* [Information shown]
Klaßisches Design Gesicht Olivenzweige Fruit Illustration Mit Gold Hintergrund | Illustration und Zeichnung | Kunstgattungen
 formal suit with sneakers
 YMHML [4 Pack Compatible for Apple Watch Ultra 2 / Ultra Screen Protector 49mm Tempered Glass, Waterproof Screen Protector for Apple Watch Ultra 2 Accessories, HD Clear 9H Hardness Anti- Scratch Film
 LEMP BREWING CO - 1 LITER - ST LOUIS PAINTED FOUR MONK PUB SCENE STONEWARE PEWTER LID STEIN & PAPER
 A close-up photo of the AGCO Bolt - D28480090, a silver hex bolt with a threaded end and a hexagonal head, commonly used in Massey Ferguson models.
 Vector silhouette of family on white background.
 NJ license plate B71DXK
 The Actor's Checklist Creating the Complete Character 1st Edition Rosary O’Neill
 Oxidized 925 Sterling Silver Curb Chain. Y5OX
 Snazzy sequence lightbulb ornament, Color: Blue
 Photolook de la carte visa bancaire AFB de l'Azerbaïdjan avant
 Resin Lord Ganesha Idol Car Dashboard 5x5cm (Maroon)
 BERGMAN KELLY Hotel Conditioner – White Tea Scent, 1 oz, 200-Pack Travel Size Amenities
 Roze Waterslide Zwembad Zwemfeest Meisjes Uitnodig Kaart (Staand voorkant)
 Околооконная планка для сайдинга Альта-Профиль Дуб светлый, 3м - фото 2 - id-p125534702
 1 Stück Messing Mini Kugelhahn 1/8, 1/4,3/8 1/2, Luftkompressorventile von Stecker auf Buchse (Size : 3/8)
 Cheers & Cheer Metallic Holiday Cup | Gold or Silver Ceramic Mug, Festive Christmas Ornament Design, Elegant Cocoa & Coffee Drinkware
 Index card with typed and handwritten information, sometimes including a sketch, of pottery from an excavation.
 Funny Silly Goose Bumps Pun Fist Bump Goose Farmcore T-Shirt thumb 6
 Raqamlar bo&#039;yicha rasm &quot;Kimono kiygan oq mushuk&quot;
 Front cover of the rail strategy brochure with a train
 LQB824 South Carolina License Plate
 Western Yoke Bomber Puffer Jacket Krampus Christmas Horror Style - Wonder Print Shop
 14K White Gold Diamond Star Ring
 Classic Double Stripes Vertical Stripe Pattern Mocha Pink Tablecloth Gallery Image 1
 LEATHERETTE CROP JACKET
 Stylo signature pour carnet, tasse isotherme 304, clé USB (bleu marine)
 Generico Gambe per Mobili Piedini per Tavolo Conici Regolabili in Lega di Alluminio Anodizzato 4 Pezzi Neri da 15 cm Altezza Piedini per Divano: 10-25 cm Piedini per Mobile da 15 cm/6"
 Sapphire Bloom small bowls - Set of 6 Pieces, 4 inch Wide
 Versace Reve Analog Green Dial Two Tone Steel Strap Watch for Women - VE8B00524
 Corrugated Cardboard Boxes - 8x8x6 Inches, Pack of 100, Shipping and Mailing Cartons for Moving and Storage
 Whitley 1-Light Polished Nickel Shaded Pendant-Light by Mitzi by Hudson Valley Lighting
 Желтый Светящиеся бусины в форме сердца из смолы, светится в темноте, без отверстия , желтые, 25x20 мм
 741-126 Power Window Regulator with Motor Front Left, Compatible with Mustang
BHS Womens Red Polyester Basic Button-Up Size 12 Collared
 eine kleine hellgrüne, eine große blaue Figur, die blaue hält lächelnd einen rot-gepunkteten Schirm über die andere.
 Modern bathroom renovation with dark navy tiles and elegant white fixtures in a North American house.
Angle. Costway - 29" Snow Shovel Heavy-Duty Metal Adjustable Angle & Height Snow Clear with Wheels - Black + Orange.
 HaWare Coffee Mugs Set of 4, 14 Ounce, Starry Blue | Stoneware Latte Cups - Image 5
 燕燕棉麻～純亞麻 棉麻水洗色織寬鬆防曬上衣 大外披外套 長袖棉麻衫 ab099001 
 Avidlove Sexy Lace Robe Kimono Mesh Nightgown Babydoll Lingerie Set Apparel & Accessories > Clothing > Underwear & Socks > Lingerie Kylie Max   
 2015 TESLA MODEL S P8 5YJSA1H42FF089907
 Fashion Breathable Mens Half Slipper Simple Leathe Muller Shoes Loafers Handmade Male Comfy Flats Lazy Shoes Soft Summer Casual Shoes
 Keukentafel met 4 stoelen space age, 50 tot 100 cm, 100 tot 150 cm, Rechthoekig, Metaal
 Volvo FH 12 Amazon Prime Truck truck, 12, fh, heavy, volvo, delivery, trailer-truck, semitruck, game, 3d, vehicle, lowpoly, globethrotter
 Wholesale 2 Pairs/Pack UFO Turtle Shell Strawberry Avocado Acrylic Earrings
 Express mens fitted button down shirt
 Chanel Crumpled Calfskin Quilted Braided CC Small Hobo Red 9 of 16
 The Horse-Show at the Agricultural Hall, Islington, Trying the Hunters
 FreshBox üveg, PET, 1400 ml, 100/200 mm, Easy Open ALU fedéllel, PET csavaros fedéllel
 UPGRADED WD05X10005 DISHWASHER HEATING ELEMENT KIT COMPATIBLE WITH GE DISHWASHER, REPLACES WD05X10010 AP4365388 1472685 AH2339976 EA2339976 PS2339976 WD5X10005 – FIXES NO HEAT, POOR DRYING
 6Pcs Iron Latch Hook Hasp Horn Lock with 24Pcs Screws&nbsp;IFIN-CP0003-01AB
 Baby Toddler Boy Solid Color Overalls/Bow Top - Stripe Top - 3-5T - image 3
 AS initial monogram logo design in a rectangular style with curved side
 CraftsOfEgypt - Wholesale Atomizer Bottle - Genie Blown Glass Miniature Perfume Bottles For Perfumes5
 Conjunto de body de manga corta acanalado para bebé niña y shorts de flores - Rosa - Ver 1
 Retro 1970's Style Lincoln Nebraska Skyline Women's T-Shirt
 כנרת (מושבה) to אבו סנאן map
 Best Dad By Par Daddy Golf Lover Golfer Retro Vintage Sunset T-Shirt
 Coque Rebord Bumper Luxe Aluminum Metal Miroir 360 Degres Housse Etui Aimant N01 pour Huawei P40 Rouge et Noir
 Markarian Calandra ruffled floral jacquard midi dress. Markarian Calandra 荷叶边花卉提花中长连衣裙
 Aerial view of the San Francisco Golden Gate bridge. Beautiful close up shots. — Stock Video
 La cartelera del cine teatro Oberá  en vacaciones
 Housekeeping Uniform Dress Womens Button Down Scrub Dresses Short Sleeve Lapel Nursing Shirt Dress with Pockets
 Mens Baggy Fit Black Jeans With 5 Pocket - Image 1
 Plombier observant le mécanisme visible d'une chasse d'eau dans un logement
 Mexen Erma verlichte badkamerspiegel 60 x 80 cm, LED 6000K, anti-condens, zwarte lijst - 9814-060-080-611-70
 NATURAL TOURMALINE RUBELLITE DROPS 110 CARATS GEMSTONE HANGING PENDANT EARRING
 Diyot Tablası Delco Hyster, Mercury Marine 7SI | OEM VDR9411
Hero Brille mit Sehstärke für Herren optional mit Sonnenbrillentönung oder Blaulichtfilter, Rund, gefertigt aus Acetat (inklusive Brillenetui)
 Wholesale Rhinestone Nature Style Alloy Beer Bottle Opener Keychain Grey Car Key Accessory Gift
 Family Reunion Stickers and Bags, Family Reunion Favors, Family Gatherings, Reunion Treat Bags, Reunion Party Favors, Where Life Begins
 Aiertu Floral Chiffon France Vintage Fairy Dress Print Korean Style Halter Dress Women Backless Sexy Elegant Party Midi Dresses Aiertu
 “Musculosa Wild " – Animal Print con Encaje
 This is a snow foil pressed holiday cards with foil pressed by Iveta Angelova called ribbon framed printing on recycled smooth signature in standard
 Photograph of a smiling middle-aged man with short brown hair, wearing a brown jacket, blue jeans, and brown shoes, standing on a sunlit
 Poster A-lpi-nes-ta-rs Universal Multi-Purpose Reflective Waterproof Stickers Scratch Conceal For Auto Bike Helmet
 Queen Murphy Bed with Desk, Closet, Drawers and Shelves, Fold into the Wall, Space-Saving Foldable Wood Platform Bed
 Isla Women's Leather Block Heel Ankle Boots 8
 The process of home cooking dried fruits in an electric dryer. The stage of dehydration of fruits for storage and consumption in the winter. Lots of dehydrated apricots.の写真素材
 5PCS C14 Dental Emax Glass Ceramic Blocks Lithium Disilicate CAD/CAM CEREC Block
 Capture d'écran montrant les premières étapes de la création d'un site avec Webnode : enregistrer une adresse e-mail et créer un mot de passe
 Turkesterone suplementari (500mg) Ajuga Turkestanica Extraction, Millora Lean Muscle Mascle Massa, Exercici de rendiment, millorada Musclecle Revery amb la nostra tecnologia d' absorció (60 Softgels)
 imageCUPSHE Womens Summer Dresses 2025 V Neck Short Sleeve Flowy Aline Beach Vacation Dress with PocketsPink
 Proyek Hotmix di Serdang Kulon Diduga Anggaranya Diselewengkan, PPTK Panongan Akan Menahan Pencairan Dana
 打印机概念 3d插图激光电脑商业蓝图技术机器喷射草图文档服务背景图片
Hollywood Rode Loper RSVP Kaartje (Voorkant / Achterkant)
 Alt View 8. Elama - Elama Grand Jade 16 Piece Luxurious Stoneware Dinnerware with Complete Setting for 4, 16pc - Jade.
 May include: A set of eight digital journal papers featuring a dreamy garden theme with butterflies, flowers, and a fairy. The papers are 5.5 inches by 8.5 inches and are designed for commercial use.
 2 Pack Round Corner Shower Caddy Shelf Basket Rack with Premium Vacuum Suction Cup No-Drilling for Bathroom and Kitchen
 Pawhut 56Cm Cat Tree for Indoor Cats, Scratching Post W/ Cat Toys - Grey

* [Task requirements]
Starting at the line above that holds "Keukentafel met 4" and ending at the line that holds "6Pcs Iron Latch", transcribe each line exactly and include no other lines.

* [Answer area]
 Keukentafel met 4 stoelen space age, 50 tot 100 cm, 100 tot 150 cm, Rechthoekig, Metaal
 Volvo FH 12 Amazon Prime Truck truck, 12, fh, heavy, volvo, delivery, trailer-truck, semitruck, game, 3d, vehicle, lowpoly, globethrotter
 Wholesale 2 Pairs/Pack UFO Turtle Shell Strawberry Avocado Acrylic Earrings
 Express mens fitted button down shirt
 Chanel Crumpled Calfskin Quilted Braided CC Small Hobo Red 9 of 16
 The Horse-Show at the Agricultural Hall, Islington, Trying the Hunters
 FreshBox üveg, PET, 1400 ml, 100/200 mm, Easy Open ALU fedéllel, PET csavaros fedéllel
 UPGRADED WD05X10005 DISHWASHER HEATING ELEMENT KIT COMPATIBLE WITH GE DISHWASHER, REPLACES WD05X10010 AP4365388 1472685 AH2339976 EA2339976 PS2339976 WD5X10005 – FIXES NO HEAT, POOR DRYING
 6Pcs Iron Latch Hook Hasp Horn Lock with 24Pcs Screws&nbsp;IFIN-CP0003-01AB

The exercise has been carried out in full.